La testa scatta di lato a scandagliare il buio impenetrabile alla sua destra. Le manine si aggrappano al lembo superiore della coperta. Qualcosa si è mosso, laggiù, nel buio. Delle cose più nere del nero, delle cose che non fanno nessun rumore, fa solo paura. Il suo lettino non è mai stato così grande, ci si sente perso e solo, come quella volta di notte nel parcheggio del cinema quando ha dovuto aspettare fuori dalla macchina mentre il papà cercava una cosa nel cruscotto. Ripensa alle parole della mamma.

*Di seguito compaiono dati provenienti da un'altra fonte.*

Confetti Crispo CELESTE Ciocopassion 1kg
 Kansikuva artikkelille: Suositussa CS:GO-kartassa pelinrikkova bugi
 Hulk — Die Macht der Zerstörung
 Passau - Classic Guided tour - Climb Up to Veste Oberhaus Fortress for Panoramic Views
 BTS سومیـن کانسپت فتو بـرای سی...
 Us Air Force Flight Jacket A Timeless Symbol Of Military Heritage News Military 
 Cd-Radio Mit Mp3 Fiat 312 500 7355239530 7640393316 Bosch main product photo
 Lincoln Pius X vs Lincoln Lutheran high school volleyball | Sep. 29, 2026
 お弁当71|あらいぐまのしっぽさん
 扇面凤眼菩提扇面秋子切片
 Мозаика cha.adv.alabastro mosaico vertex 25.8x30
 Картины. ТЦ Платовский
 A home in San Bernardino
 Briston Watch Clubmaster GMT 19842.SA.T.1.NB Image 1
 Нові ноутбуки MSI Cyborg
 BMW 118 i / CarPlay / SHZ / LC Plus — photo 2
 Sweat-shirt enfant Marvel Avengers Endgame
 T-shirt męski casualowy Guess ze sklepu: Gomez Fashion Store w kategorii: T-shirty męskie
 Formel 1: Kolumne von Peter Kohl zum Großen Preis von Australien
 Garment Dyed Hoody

«Hai sei anni, sei grande ormai, devi fare il bravo, quando andrai a scuola sarai l’unico ad avere paura del buio, ti prenderanno tutti in giro.»

Non vuole essere preso in giro, a dirla tutta non vuole neanche andare alla nuova scuola dei grandi, soprattutto non vuole avere paura.

Le cose nere nere attraversano velocemente la stanza per la sua intera lunghezza. Con la luce non avrebbe mai detto che fosse così grande la sua stanza.

Chiude gli occhi stretti stretti e si tira le coperte fin sulla fronte.

La stoffa pesante addosso riduce un po’ le dimensioni del pericolo. Finché rimane immobile può considerarsi al sicuro. In quel modo si garantisce di non poter vedere la cosa è siccome lei non si fa sentire… Quello che sente non sono certo i mostri che vivono in camera sua ed escono solo di notte. Sono le voci dei suoi genitori provenienti dal soggiorno, voci arrabbiate, che parlano l’una sull’altra, che urlano sottovoce. Mamma e papà litigano spesso, per lo più lo fanno quando pensano che lui non li possa sentire, quando va a letto la sera dopo cena. A volte gli scappa di litigare anche con lui davanti, non gli piace, ma quando aspettano è peggio, perché loro litigano e le cose nel buio escono, lui lo vorrebbe lì con sé, perché ha paura del buio, però ha paura anche che se non farà il bravo loro non smetteranno più di litigare. È sicuro che quando non avrà più paura del buio loro faranno pace e si vorranno sempre bene. E magari lo faranno dormire in mezzo a loro nel lettone.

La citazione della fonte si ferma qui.